At least six people were killed and 35 injured, mostly from burns, after an explosion at a fuel distribution site in Ghana's capital, fire service spokesman Billy Anaglate said Sunday.
"Unfortunately, there are some fatalities and we are working to have the numbers," Deputy Information Minister Kojo Oppong Nkrumah told a local radio station. "There are quite a number also injured."
He added that the main blaze was largely under control and that the government planned to release casualty figures Sunday morning.
Several eyewitnesses said they had counted four or five bodies, although some bodies could have already been removed from the scene.
The explosion at around 7:30 p.m. Saturday occurred at a fuel distribution site at city's Atomic Junction where there is a liquefied petroleum gas storage depot and two service stations run by state-owned GOIL and oil major Total, a witness said.

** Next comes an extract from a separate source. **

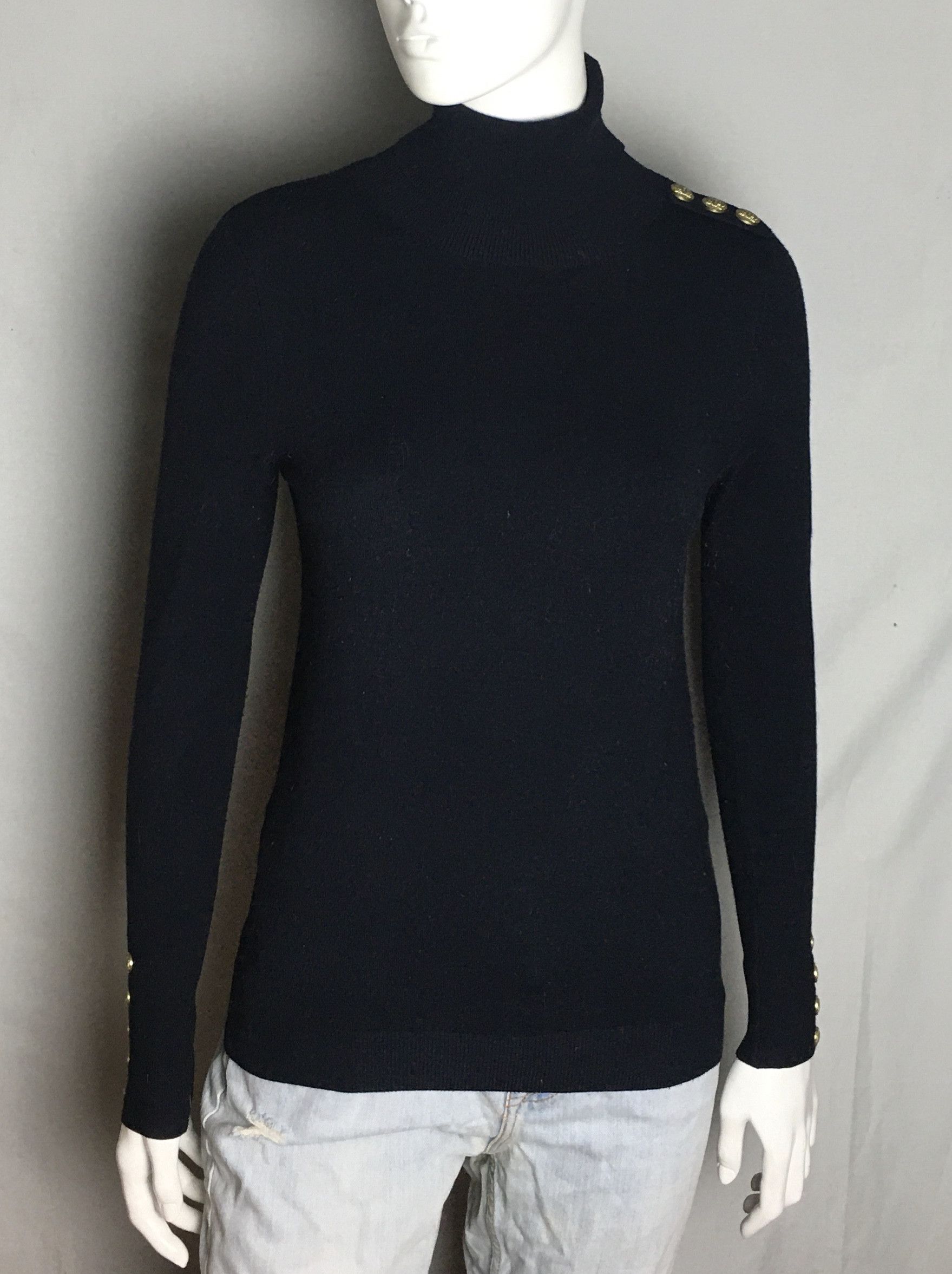 Cooper HOLLAND COOPER Buttoned Roll Neck Black Jumper Sweater Size XS / US 0-2 / IT 36-38 - 4 Thumbnail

Frightened residents ran from the explosion, which sent a giant fireball high into the sky, and several fire trucks and ambulances were deployed to the scene.
An explosion at a gasoline station in Accra in 2015 killed around 100 who had sought shelter nearby from flooding in the country's worst disaster in more than a decade.
Infrastructure in Accra, a city of roughly 7 million people, has failed to keep pace with population growth after years of rapid economic expansion.
A small unit on a tower building at Ghana's parliament also caught fire in July, although the blaze did not cause major damage.